> _Task input_:
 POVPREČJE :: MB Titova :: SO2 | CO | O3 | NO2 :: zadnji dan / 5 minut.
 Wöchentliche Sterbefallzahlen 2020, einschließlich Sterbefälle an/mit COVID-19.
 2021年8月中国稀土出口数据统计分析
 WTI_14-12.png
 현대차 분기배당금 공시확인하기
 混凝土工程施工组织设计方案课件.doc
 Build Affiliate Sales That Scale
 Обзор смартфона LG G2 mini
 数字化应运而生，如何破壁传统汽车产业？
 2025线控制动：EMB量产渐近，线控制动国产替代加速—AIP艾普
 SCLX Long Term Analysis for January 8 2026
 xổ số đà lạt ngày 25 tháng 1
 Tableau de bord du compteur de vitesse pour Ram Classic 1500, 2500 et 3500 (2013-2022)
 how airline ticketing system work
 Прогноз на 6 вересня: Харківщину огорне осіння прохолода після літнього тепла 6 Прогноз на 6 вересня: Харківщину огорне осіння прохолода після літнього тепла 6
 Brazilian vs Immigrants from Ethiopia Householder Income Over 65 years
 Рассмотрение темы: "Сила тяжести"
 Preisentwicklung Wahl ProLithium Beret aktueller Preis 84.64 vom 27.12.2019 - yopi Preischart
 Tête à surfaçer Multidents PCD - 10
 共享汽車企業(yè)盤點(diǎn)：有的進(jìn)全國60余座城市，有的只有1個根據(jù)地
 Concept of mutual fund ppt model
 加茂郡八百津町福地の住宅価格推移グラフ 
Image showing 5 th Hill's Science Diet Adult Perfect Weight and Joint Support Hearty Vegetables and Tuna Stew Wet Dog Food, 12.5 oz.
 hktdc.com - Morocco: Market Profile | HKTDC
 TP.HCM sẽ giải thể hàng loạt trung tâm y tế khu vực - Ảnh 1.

> _Assignment_: A faithful, word-for-word copy of the data is the expected answer.

> _Task answer_:
 POVPREČJE :: MB Titova :: SO2 | CO | O3 | NO2 :: zadnji dan / 5 minut.
 Wöchentliche Sterbefallzahlen 2020, einschließlich Sterbefälle an/mit COVID-19.
 2021年8月中国稀土出口数据统计分析
 WTI_14-12.png
 현대차 분기배당금 공시확인하기
 混凝土工程施工组织设计方案课件.doc
 Build Affiliate Sales That Scale
 Обзор смартфона LG G2 mini
 数字化应运而生，如何破壁传统汽车产业？
 2025线控制动：EMB量产渐近，线控制动国产替代加速—AIP艾普
 SCLX Long Term Analysis for January 8 2026
 xổ số đà lạt ngày 25 tháng 1
 Tableau de bord du compteur de vitesse pour Ram Classic 1500, 2500 et 3500 (2013-2022)
 how airline ticketing system work
 Прогноз на 6 вересня: Харківщину огорне осіння прохолода після літнього тепла 6 Прогноз на 6 вересня: Харківщину огорне осіння прохолода після літнього тепла 6
 Brazilian vs Immigrants from Ethiopia Householder Income Over 65 years
 Рассмотрение темы: "Сила тяжести"
 Preisentwicklung Wahl ProLithium Beret aktueller Preis 84.64 vom 27.12.2019 - yopi Preischart
 Tête à surfaçer Multidents PCD - 10
 共享汽車企業(yè)盤點(diǎn)：有的進(jìn)全國60余座城市，有的只有1個根據(jù)地
 Concept of mutual fund ppt model
 加茂郡八百津町福地の住宅価格推移グラフ 
Image showing 5 th Hill's Science Diet Adult Perfect Weight and Joint Support Hearty Vegetables and Tuna Stew Wet Dog Food, 12.5 oz.
 hktdc.com - Morocco: Market Profile | HKTDC
 TP.HCM sẽ giải thể hàng loạt trung tâm y tế khu vực - Ảnh 1.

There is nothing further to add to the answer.